Cooking Time for a Stuffed Turkey

Cooking a turkey in the oven requires knowledge of how long to roast the bird for. The larger the turkey, the longer the bird needs to be in the oven to ensure it reaches the proper temperature. If a turkey is undercooked, especially one with stuffing inside that also needs to reach proper temperature, food-borne illnesses can be caused. Take caution and patience in preparation of a turkey and always make sure to use a meat thermometer to check both the meat of the turkey and the stuffing inside.


Cooking a turkey thoroughly is important due to safety issues in consuming undercooked poultry. The key is knowing how many pounds your turkey weighs and the time needed to cook it completely with the method you have chosen to cook it. The rule of thumb is approximately 15 minutes for every pound of turkey. Whole Foods Market recommends adding five to seven minutes of cooking time per pound of turkey, if the turkey is stuffed.


You can tell how large the turkey is either by looking at the weight on the package---most turkeys are sold at a price-per-pound---or by weighing the turkey on a meat scale. Once the weight is determined, you can determine how long to cook the turkey.

Time and Temperature

According to the Food Safety and Inspection Service, turkey meat becomes safe to eat at 165 degrees. To reach this temperature, roast a stuffed turkey at 325 degrees. Cook an 8 to 12 lb. turkey for three to three and a half hours; cook a 12 to 14 lb. turkey for three and a half to four hours. A 14 to 18 lb. turkey, will be done in four to four and a quarter hours, an 18 to 20 lb. turkey will take four and a quarter to four and three-quarter hours and a 20 to 24 lb. stuffed turkey takes four and three-quarters to five and a quarter hours.

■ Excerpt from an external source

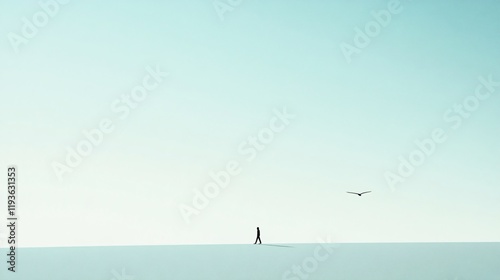 A solitary figure strides along a horizon line under an expansive sky, representing themes of freedom, hope, and exploration in a serene landscape. photo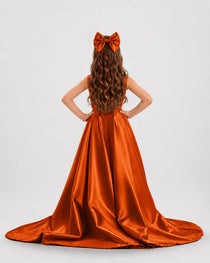 dideyttawl High-Low Junior Bridesmaid Dresses for Girls Pleated Satin A-Line Bow Straps Pageant Formal Party Dress 2536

Insert a food thermometer into the cavity of the turkey and into the stuffing and letting it sit for five minutes to check the internal temperature. If the temperature is not higher that 165 degrees, continue cooking the bird. Also check the temperatures of the thickest part of the breast, the wing, the leg and the thigh to verify temperature readings. Undercooked poultry, such as turkey, can cause food-borne illness. According to the University of Manitoba, undercooked poultry carries two dangerous bacteria types: salmonella and campylobacter. Both bacteria affect the gastrointestinal tract and can cause diarrhea, upset stomach and even fever and vomiting. Stuffing inside a turkey can absorb these bacteria as the meat cooks around it, which is why it takes longer to cook a stuffed turkey and why it is important to verify that the stuffing has reached the appropriate temperature along with the bird around it.

Fun Facts

Benjamin Franklin suggested that the turkey be named the national bird of the United States of America. The heaviest turkey ever raised was 86 pounds. Henry VIII was the first English king to eat turkey and Edward VII ate it during Christmas.